Con una sonrisa sardónica, mientras disimula su tazón de café entre dos archivadores, te dirá: -“No me trajo todo… Aquí hay diecisiete declaraciones juradas… y yo le pedí veinticuatro… Mire, caballero, usted ya está grandecito para que me entienda…”.

Es para mí una muchacha que no ha llegado a la treintena. Siento el impulso de mandarla a la conchadesumadre, pero aparte de lo impropio y destemplado del exabrpto, me la echaría encima como una tigresa privada de sus cachorros y la venganza sutil se extendería a todos mis clientes (media docena). Me contengo, la miro a los ojos y le digo:
-Señorita, usted tendrá poco más de veinte años, es decir, como mi nieta mayor… ¿Y así le habla usted a su abuelo?

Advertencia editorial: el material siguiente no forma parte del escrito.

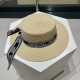 [Dior Dior] 2022 new straw sun shading straw hat basin hat   beach style, simple and generous, versatile single product ~ the first choice for the street, the new cap is super-beautiful and greasy, new on the shelves!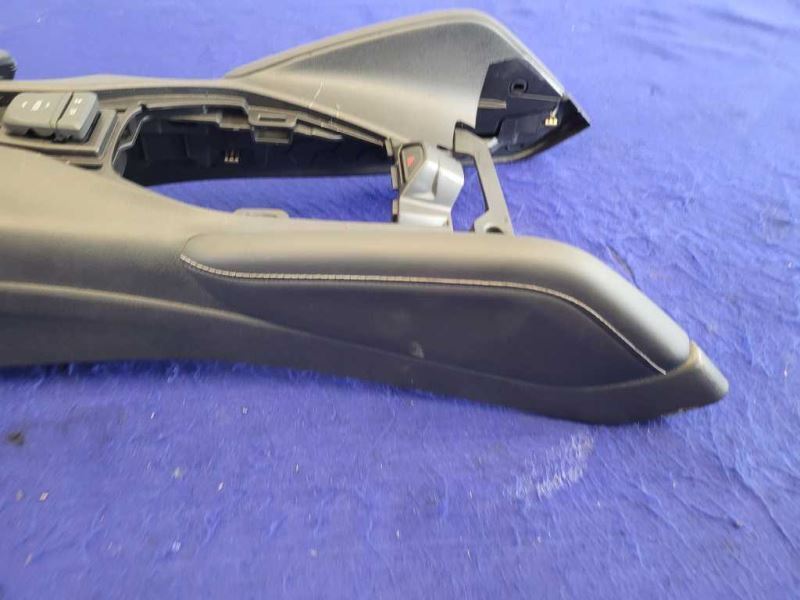 2016-2018 Chevrolet Camaro SS Center Console Front Floor Leather Storage 2344 - The Parts Farm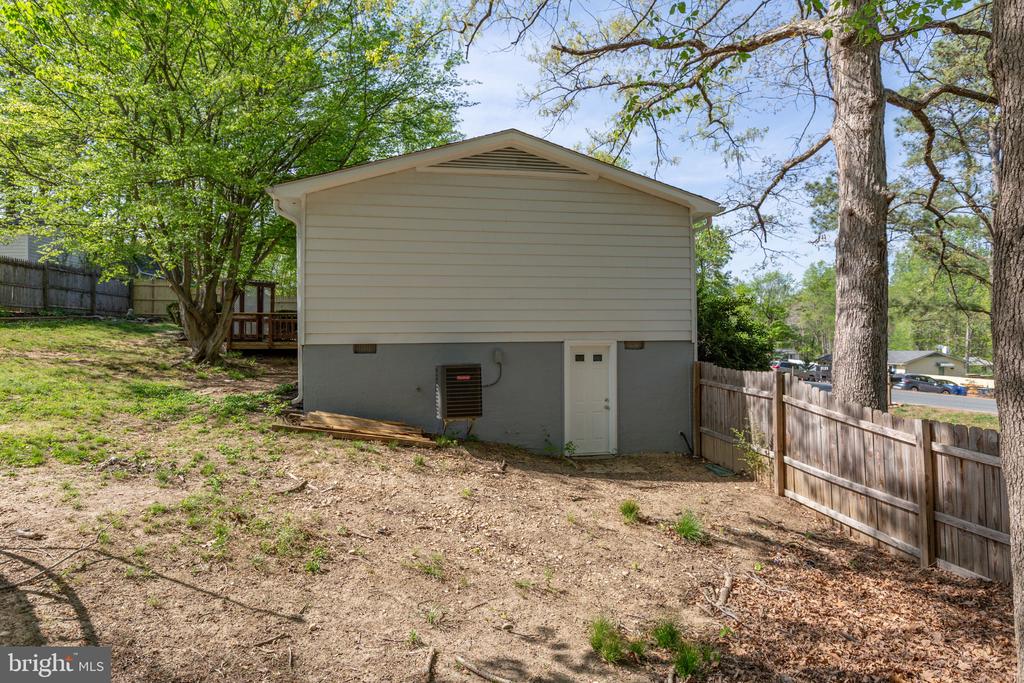 6514 DEERSKIN DR, FREDERICKSBURG, Virginia 22407, 3 Bedrooms Bedrooms, ,1 BathroomBathrooms,Residential,6514 DEERSKIN DR,VASP2040406 MLS # VASP2040406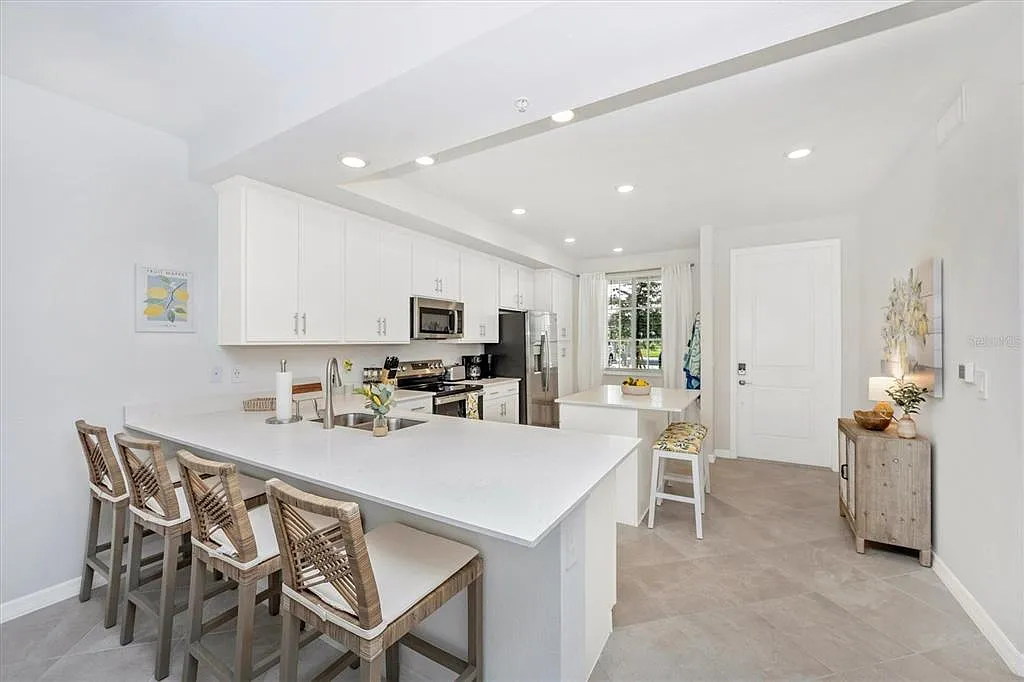 2 bed, 2.0 bath, 1120 sqft, $2,250 — Photo 2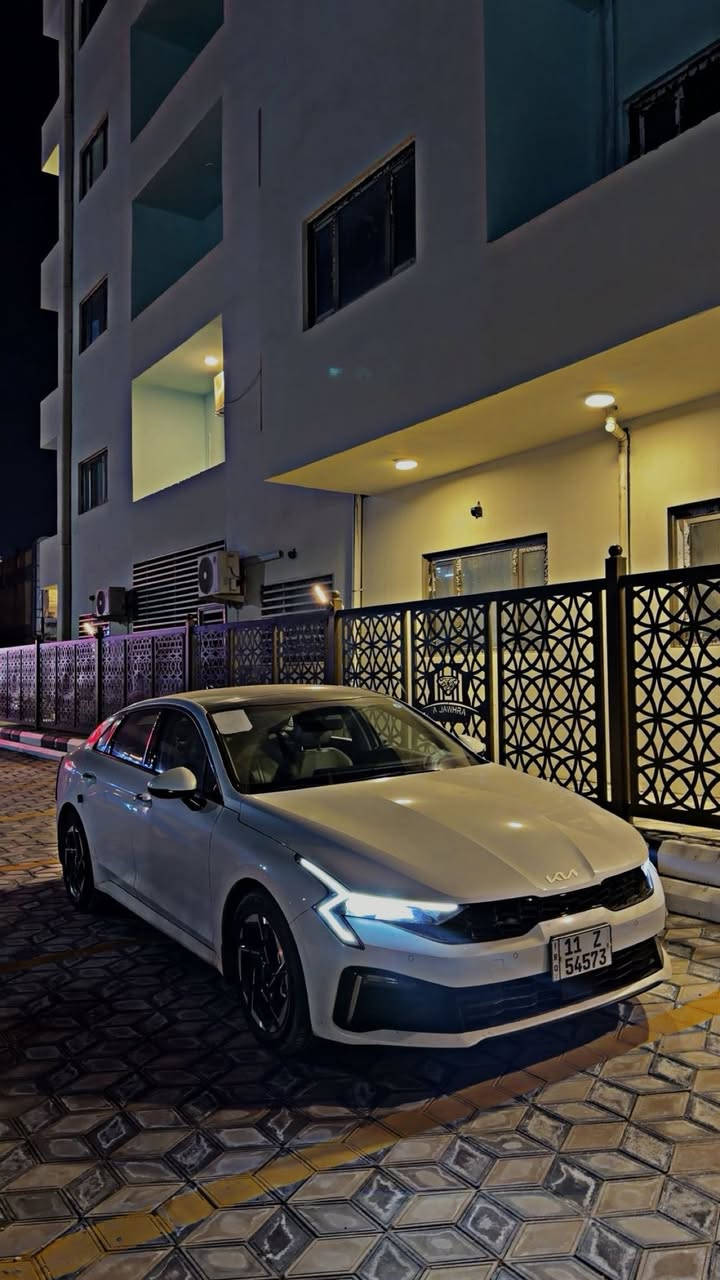 السلام عليكم 
K5 موديل 2024 للبيع 
السياره خليجيه مكفوله كفاله عامه فول السياره للاخير بانوراما 
سعرها ٢٣٥ وبي مجال ماشيه السياره 23 الف كيلو مكانها سماوه 
***********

La joven fiscalizadora se demuda, cambia de colores como el colibrí tornasolado. Presurosa, me timbra el formulario salvador, diciéndome: -“Bueno ya, listo, váyase señor, y para la próxima me trae todo como debe ser…”.

Me retiro, como un niño con su golosina, rogando a ese Dios, en el que no creo, pero al que suelo aferrarme, que me libre de nuevas citaciones amenazantes o de la tentación de preguntar: -“¿Y por qué no se aplica este celo burocrático a las grandes corporaciones, sino que las benefician con cuantiosas exenciones de tributos?

Mejor es callar y “hacerse el huevón”, como recomienda nuestro humorista Coco Legrand, cuando nos enfrentamos a fuerzas superiores, sea en el ámbito doméstico o en el mundo del trabajo asalariado.

Es que el funcionario público, en este país nuestro de autoritarismo rastrero y latente, suele transformarse en un dictador en potencia, arrogante y drástico en su cubículo, dispuesto a ejecutar al más osado, mientras te escruta, como diciendo: -“¿A mí me vienes con discursos democráticos? Espérate y verás cómo enredo hasta el infinito tus solicitudes y trámites”.

Entro en el café, para hacer un alto y recuperar el ritmo de la respiración. Cuento mis monedas: me alcanzan para un cortado chico y una medialuna, de acuerdo a la promoción que se destaca en una vistosa pizarra.

-Se terminó la promoción, caballero… dura hasta las once y son las once y media.

No digo nada. Abandono el recinto oloroso y camino hacia el rumbo prescrito. Todo sigue igual. Quizá Cioran tenga razón y la libertad no sea más que un asunto del alma individual. ¡Abur!